* **Data extract**
##############################
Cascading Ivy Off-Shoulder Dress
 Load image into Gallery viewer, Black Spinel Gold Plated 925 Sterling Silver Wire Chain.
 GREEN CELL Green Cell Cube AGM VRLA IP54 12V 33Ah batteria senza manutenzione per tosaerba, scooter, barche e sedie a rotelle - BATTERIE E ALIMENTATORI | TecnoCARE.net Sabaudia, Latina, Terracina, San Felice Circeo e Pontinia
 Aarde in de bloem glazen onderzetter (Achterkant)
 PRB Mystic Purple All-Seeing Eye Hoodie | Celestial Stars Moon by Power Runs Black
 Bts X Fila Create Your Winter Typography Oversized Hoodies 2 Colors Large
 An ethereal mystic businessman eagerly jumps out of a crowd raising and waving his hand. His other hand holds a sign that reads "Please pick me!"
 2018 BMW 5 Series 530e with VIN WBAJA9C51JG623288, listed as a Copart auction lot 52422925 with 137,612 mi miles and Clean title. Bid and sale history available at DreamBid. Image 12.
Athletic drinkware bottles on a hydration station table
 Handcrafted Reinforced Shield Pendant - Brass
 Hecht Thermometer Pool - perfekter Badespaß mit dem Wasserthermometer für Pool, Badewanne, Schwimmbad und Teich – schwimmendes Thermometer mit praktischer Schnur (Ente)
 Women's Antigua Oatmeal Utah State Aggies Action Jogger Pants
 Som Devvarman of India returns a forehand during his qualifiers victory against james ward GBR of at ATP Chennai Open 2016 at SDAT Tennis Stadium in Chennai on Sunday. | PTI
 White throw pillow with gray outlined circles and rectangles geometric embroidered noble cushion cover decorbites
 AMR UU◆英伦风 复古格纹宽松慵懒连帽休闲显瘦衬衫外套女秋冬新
##############################
* **Aim of the task**
In the records above, locate the line that contains "Hecht Thermometer Pool". Repeat it and every line after it, exactly, and nothing else.

* **Your solution**
 Hecht Thermometer Pool - perfekter Badespaß mit dem Wasserthermometer für Pool, Badewanne, Schwimmbad und Teich – schwimmendes Thermometer mit praktischer Schnur (Ente)
 Women's Antigua Oatmeal Utah State Aggies Action Jogger Pants
 Som Devvarman of India returns a forehand during his qualifiers victory against james ward GBR of at ATP Chennai Open 2016 at SDAT Tennis Stadium in Chennai on Sunday. | PTI
 White throw pillow with gray outlined circles and rectangles geometric embroidered noble cushion cover decorbites
 AMR UU◆英伦风 复古格纹宽松慵懒连帽休闲显瘦衬衫外套女秋冬新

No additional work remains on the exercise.